“I get it. I just….I need to remember to just use my butt more.” ~M.S.
Use my butt more…words to a trainer’s ears.
1.) She can feel a major muscle group involved in the lift doing it’s job. Always a plus.
2.) Though I don’t personally love cueing clients to “activate” anything, when you realize that putting more oomf or drive into a body segment provides more force and feels better against the weight, it’s probably best to feed into that feeling. Either that’s great and should be encouraged, ooooooor we need to adjust the lift, the weight, or the form to make it better suit your body type or athlete level.
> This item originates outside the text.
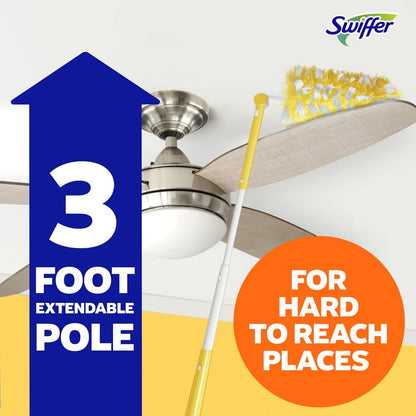 Swiffer Duster Kit with 3 ft Extendable Handle, Heavy Duty Dusting Starter Kit with 12 Refills, for Ceiling Fans, Vents and Hard to Reach Places - Available at All In One Marketplace Canada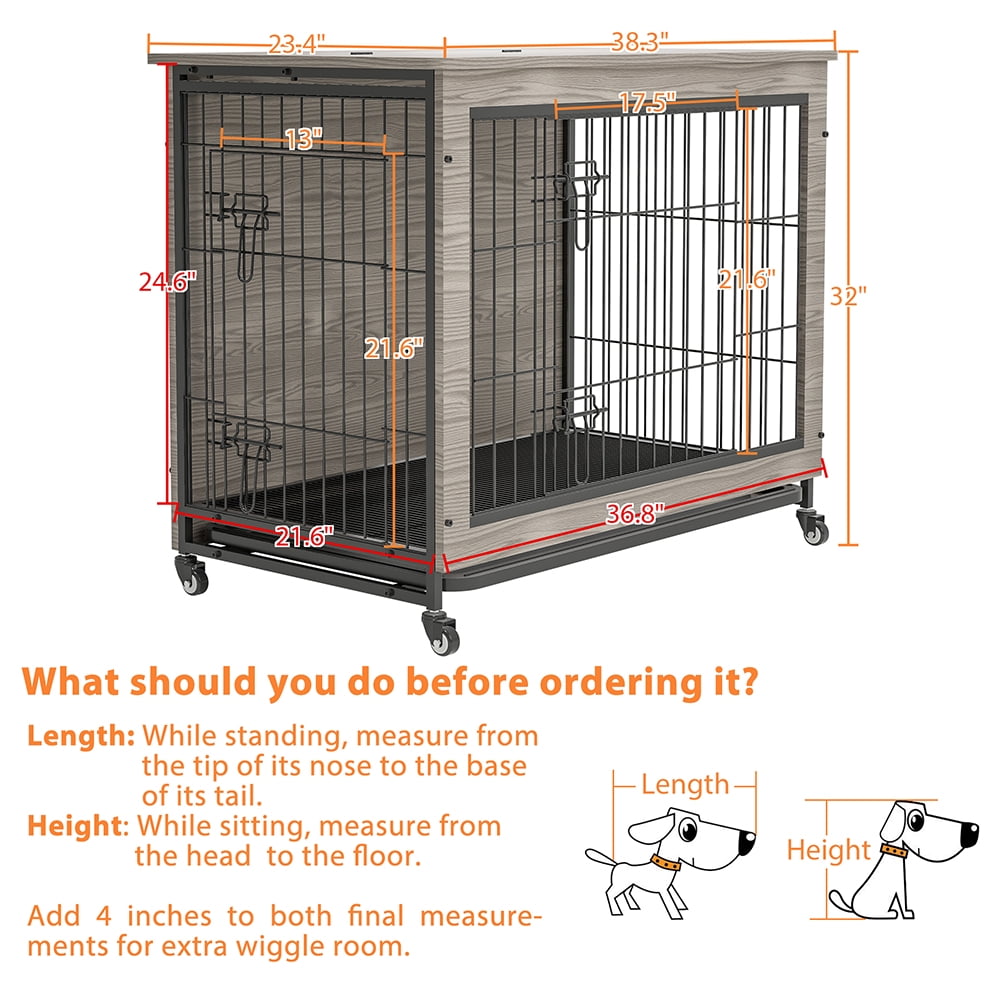 Kadyn 38 inch Wooden Dog House with Double Doors, Dog Crate Furniture, Heavy-Duty Dog Cage End Table with Multi-Purpose Removable Tray, Modern Dog Kennel Indoor for Dogs up to 70lb, Gray Kadyn 38 inch Wooden Dog House with Double Doors, Dog Crate Furniture, Heavy-Duty Dog Cage End Table with Multi-Purpose Removable Tray, Modern Dog Kennel Indoor for Dogs up to 70lb, Gray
3.) She’s starting to describe the lift in her own terms. Instead of leaning on me to tell her when her reps are “right,” she’s identifying cues that help and transferring them into language she understands. So there’s a good chance when I’m not around she’ll remember them better (very helpful for all the monthly and 1x weekers out there).
Here’s a demo of the whiplash version:
And here’s more what we’re going for:
Watch the full side-by-side comparison here.
You can go through the vast internet hole and find many successful lifters using the thrust of their chest and thoracic extension to explode of out the hole. However, this is a specific example of one client, not a professional lifter, and the variation of lift I’ve chosen specifically to work for her. Why? Many reasons, but mostly we’re working on Ms. Thinky Type A not just using her head to provide the initial spark for movement. This is the job of thought, breathe, and the main drivers— not just getting stuck at the head and neck. We’re not going for perfect; we’re just seeing how far we can get.
I mean, which is better for a squat, a strong neck or a strong boooooty?
Hugs & high fives.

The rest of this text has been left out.